[Date Prev][Date Next][Thread Prev][Thread Next][Date Index][Thread Index]

Re: [idn] case folding



At 13:39 31-05-00 , Brian W. Spolarich wrote:
>   What problem does case folding solve?

Preventing having functionally identical strings pointing at different
web content, to give an obvious example.

>Is it reasonable for protocol
>users to expect that MYDOMAIN.COM and MyDoMaIn.CoM are semantically the
>same, and therefore the protocol should understand that?

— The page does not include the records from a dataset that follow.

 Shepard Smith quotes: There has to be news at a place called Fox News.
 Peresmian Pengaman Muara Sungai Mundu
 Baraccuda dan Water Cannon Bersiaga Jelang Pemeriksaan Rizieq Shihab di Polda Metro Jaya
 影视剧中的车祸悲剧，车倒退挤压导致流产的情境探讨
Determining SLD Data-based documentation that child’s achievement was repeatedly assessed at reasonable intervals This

They already have demonstrated that they do, so the principle of least
astonishment means this behaviour should not change.

>While there is a
>backward compatibility requirement for US-ASCII, is it truly the case that
>users of the IDN will so strongly expect this behaviour that it becomes a
>requirement?

Absolutely yes.

>Is it possible to come up with a case-folding implementation
>that is going to satisfy the behavioural expectations of the large
>majority of the users?  I am mostly ignorant of these issues as they apply
>to the the vast majority of languages, but given the issues that have been
>raised here, I have to wonder if this is practically achievable.

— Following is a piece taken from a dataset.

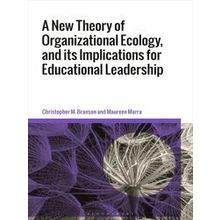 A New Theory of Organizational Ecology, and its Implications for Educational Lea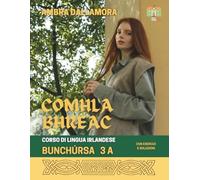 Comhla Bhreac. Bunchúrsa (vol. 3A): Corso di lingua irlandese. Con esercizi e soluzioni (COMHLA BHREAC Corso di Lingua irlandese)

The key is to distinguish between alphabetic languages (e.g. English,
Norwegian, Vietnamese) and non-alphabetic languages (e.g. Chinese).

For alphabetic langugages, case folding needs to be handled appropriately,
while for non-alphabetic languages "case" is not generally meaningful.

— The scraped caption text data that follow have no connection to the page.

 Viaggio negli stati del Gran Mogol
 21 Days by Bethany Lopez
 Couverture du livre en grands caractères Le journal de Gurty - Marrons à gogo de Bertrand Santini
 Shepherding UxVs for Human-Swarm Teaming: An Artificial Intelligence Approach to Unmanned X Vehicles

For the previous example of German double-S, it isn't really a matter
of case-folding but would definitely be within scope for canonicalisation,
IMHO.

UNICODE already has a specification for canonicalisation, which specification
reportedly includes case folding.  We can simply use that specification;
ISO not having an equivalent specification today (and not expected to have
one soon).

>   One of the DNS' strengths is its relative simplicity for the complex
>distributed task that it accomplishes.  Would the complexity and potential
>ambiguity involved in coming up with case mapping rules that meet
>everyone's expectations dimish the simplicity priciple that makes the DNS
>work well?

No.  Failure to define case-mapping as part of canonicalisation would
definitely cause users to become frustrated and angry and work against
the continued health of the Internet.

Ran
rja@inet.org